Análise | Especial Questões socioambientais

Dossiê Brumadinho – Três anos após Mariana, a tragédia se repete

Na primeira análise do Dossiê Brumadinho, comparamos os rompimentos das barragens de Fundão em Mariana e do Córrego do Feijão em Brumadinho, explorando os paralelos e distanciamentos entre ambas.

Foto: Andre Penner/AP.

Em 25 de janeiro, por volta de 12h, mais uma barragem da mineradora Vale rompeu em Minas Gerais atingindo o município de Brumadinho e alcançando o Rio Paraopeba (um dos rios da bacia do São Francisco). Passados menos de 30 dias, a tragédia já não é mais manchete dos principais portais do país, sendo sucedida por escândalos na política e mortes, mesmo deixando (até 17/02) 169 mortos e 141 desaparecidos, além de incontáveis animais e plantas (aproximadamente 125 hectares de floresta atingidos).
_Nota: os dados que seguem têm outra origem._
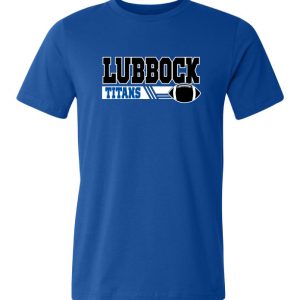 Titans Blue T-Shirt - Lubbock Titans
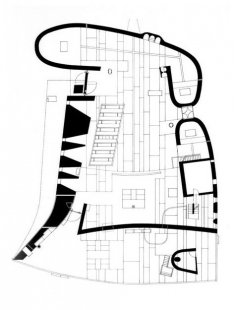 Tadao Ando : Agónie utkvělé myšlenky - potíž s vytrvalostí - Le Corbusier :  Mariánská kaple Notre-Dame du Haut, Ronchamp, 1954 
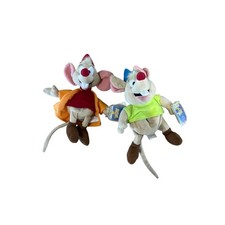 Disney Classics Star Bean Cinderella Jaq and Gus Plush Mouse Set Vintage Mattel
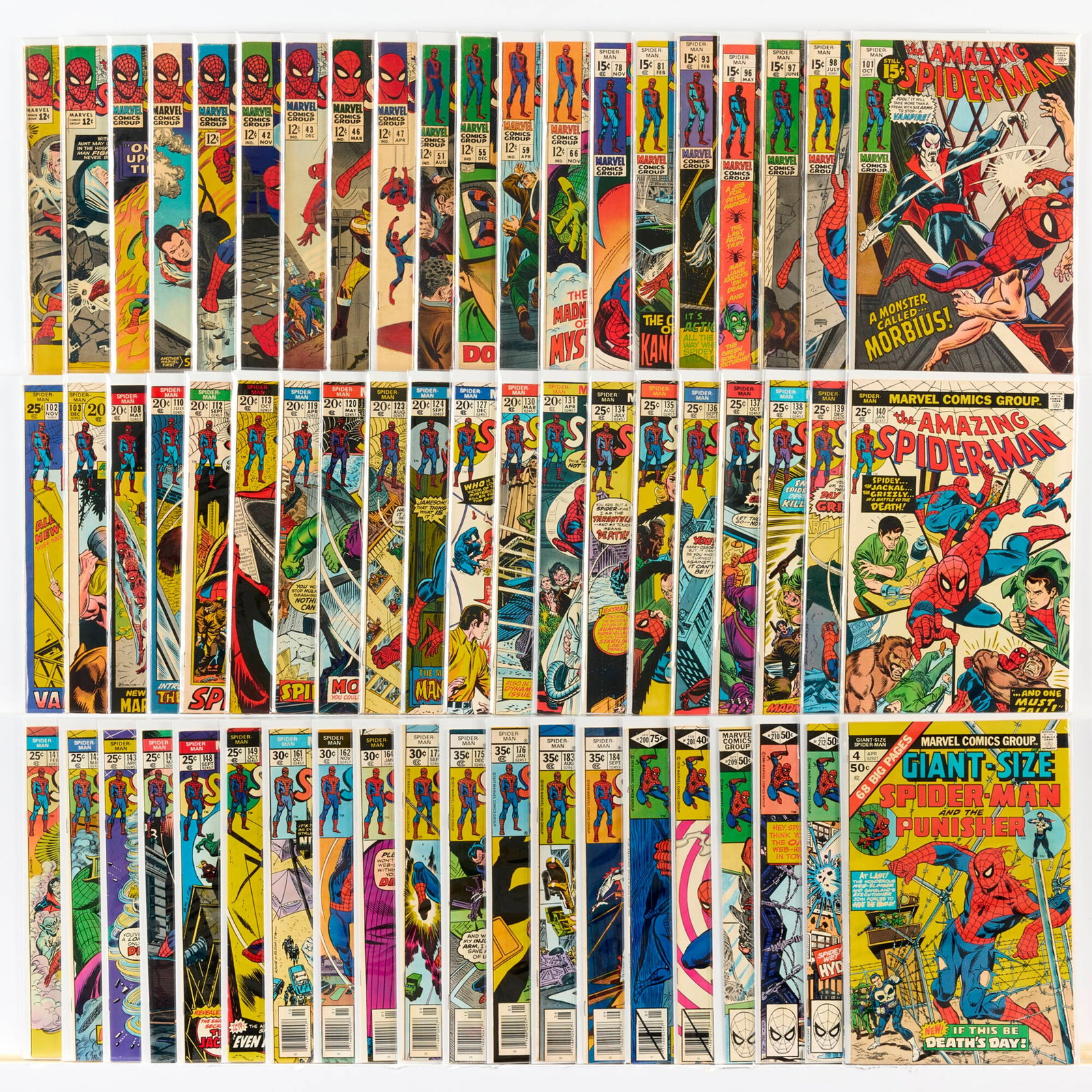 60 Marvel Comics Amazing Spider-Man #25-#212 Group (1 of 1)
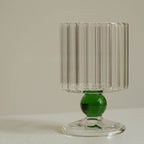 Textured Heat Resistant Glass Goblet - Modomu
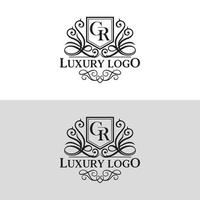 gyllene lyx logotyp design vektor mall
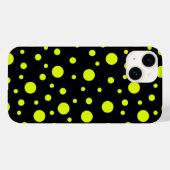 Zwart en geel elegantie Case-Mate iPhone case (Achterkant (horizontaal))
Um acontecimento pode evocar outro: após três anos do rompimento da barragem de Fundão, é triste reler o dossiê feito pelo Grislab sobre o caso e perceber que pouca coisa mudou… Barragem da mesma empresa, sistema de segurança com sirenes que não funcionou, outro rio morto, desastre ambiental incalculável, outro território altamente impactado – e com ele, memórias e histórias destruídas para sempre. O primeiro rompimento continua “acontecendo”: pessoas continuam sem casas, sem indenização e sem resposta da Vale. A fundação Renova – criada para gerir as ações de recuperação do ambiente e reparação dos atingidos e impactados – não avançou de acordo com o esperado.   O maior desastre ambiental ocorrido no Brasil não serviu nem de lição para não ser repetido.

Ironicamente, alguns dias antes do ocorrido, o governador eleito Romeu Zema (Novo), comemorava encontro com representantes da Samarco e Vallourec para a reativação de minas no estado, gerando emprego e renda, mesmo com a opinião pública em contrário. Hoje, a imprensa noticia que ele estaria tentando barrar CPI para investigar o rompimento. Se uma luz de alerta se acendeu após Mariana em torno da atividade mineradora e seu alto custo para os envolvidos, foi apenas para uma parcela da população. Para a Vale, trocas de emails em 13/05/18 mostram que engenheiros já atestavam os riscos e sugeriam a paralisação das atividades na Mina do Córrego do Feijão. Quanto vale uma vida? 2,6 milhões de reais, segundo relatório de contingências da Vale, custo que é compensado pelo lucro da atividade mineradora.

Não só a Vale, mas o Estado também compactua com a tragédia. De acordo com a antropóloga e pesquisadora do Gesta-UFMG, Andréa Zhouri: “A licença para a expansão do complexo foi concedida apesar de advertência de pesquisadores, movimentos sociais, moradores do bairro de Casa Branca. […] O cronograma previsto pela própria Vale era para 2020. Nós ficamos surpresos com a pressa do licenciamento. Mostra a negligência dos órgãos públicos ligados ao licenciamento ambiental e à segurança de barragens no sentido de assegurar, de atestar a segurança das barragens. E a submissão desses órgãos aos jogos políticos de interesse próprio e de interesse da empresa. É o segundo desastre de proporção enorme da Vale em cerca de três anos. (…) Há um jogo por parte das empresas, e o estado é conivente.”

Os pais de uma vítima do incêndio da boate Kiss visitaram Brumadinho e falaram sobre a criação de um Observatório de Justiça que serviria para fiscalizar tragédias como essas e não deixar que fiquem sem punição. O que a historiadora e ativista feminista Rebecca Solnit escreve em outro contexto (massacres por arma de fogo nos EUA) se aplica ao acontecido:  “Mas os mortos continuam mortos, os enlutados continuam de luto e o cenário continua preparado para outros assassinatos”.